Produce word for word the lines of the data below running from the one that has "BODYARMOR Tropical Passionfruit" to the one that has "[PNG MALL] This", inclusive, and no others.

[EXERCISE INPUTS Boundary: Start]

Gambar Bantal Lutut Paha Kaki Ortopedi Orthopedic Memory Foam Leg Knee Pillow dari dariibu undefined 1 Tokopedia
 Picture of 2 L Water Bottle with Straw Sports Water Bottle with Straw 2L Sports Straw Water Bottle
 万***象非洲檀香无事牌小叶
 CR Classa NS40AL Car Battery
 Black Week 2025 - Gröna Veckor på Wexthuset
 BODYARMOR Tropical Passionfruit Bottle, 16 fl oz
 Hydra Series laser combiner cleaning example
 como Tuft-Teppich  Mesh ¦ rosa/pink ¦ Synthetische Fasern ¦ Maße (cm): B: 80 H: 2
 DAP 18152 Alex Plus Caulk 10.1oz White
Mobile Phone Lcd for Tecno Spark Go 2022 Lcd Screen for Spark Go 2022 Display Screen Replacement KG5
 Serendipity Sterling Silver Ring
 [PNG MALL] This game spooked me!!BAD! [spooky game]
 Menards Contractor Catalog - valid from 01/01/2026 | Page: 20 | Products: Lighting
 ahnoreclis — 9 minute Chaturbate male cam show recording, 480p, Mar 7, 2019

[EXERCISE INPUTS Boundary: End]

**YOUR RESPONSE:**
 BODYARMOR Tropical Passionfruit Bottle, 16 fl oz
 Hydra Series laser combiner cleaning example
 como Tuft-Teppich  Mesh ¦ rosa/pink ¦ Synthetische Fasern ¦ Maße (cm): B: 80 H: 2
 DAP 18152 Alex Plus Caulk 10.1oz White
Mobile Phone Lcd for Tecno Spark Go 2022 Lcd Screen for Spark Go 2022 Display Screen Replacement KG5
 Serendipity Sterling Silver Ring
 [PNG MALL] This game spooked me!!BAD! [spooky game]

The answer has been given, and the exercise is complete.